What makes you stop and look at a picture rather than flipping the page or scrolling on through? For me, it's when something ordinary is presented from a new perspective. If we want to make interesting photographs then we need to see things from all angles. Seemingly boring rock formations at low tide can become something interesting from an extremely low angle. (See below)
Of course, not absolutely everything has drama from a different angle. Sometimes, things are just boring and there is nothing to be done about it. But keeping your eyes open to the possibilities can gain you some pretty interesting photo opportunities that others might have missed.
Most of us see animals from the usual angles: looking up at a woodpecker in a tree or a soaring hawk high in the sky, looking down at a lizard motoring across the ground or at a bounding squirrel. These natural angles of observation are something we all enjoy but its something we see all the time. What is it like to be eye level with these creatures? When taking a photo can you put the viewer in a position to feel like he is looking up at something that he has always looked down on? (physically speaking, not metaphorically)

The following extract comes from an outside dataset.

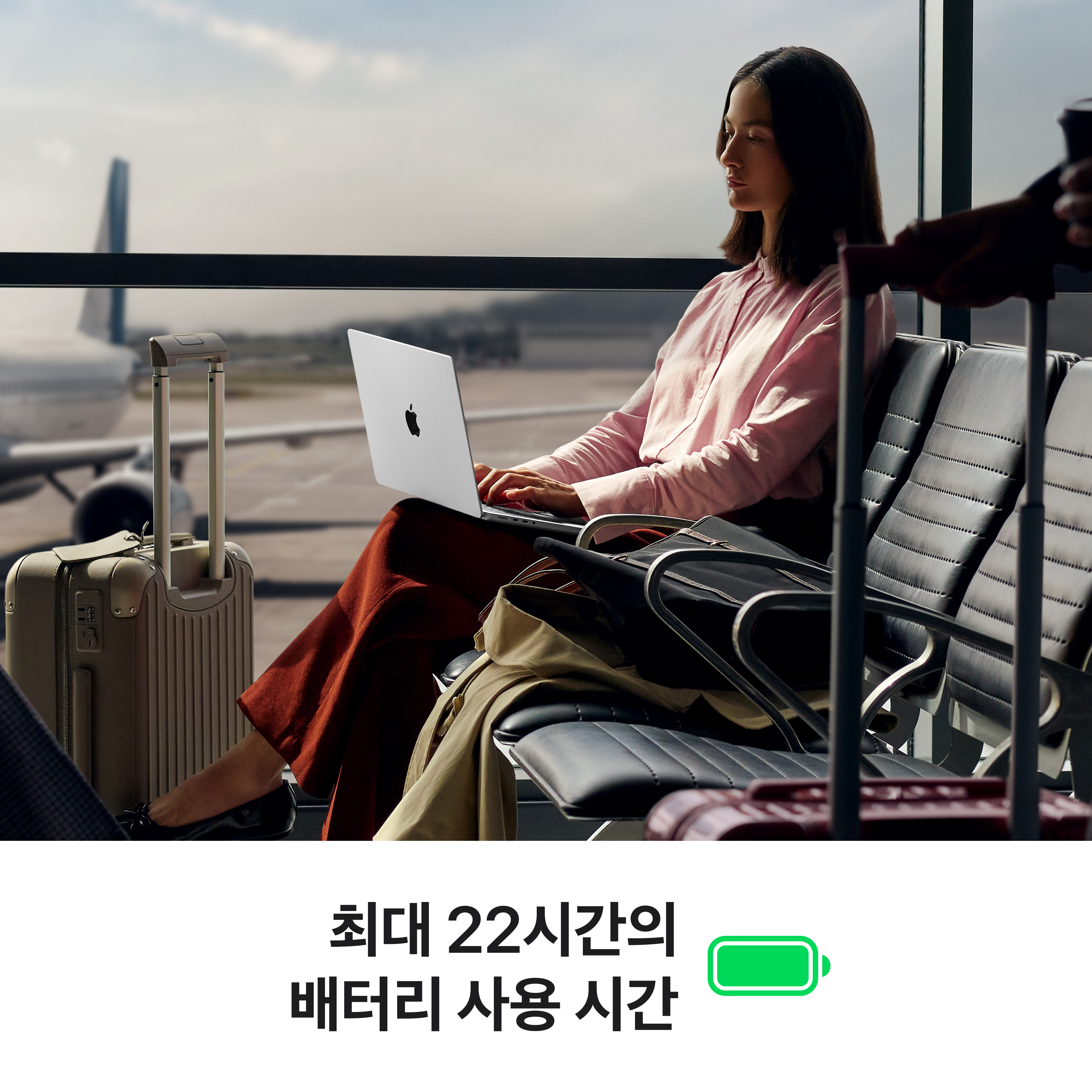 상품 썸네일 이미지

A Least Sandpiper stands barely 6 inches tall but that is the last thing on your mind when you are able to look at him eye level.
To me this is a photo worth looking at for a moment. The quality of the photo aside, (thank you Nikon) the angle allows a new perspective that you don't see every day.
You can combine this low angle approach with environmental factors as well. An eye level view of a foraging Willet can be striking but its something even more when you add in the crashing waves that he is braving:
Both photos contain a bird in decent focus at a low angle but only one tells a story. These shot opportunities don't come along all the time but if you have your eyes tuned in to the things happening around you, you are more likely to pick up on them and get yourself situated for a great photo from a new perspective.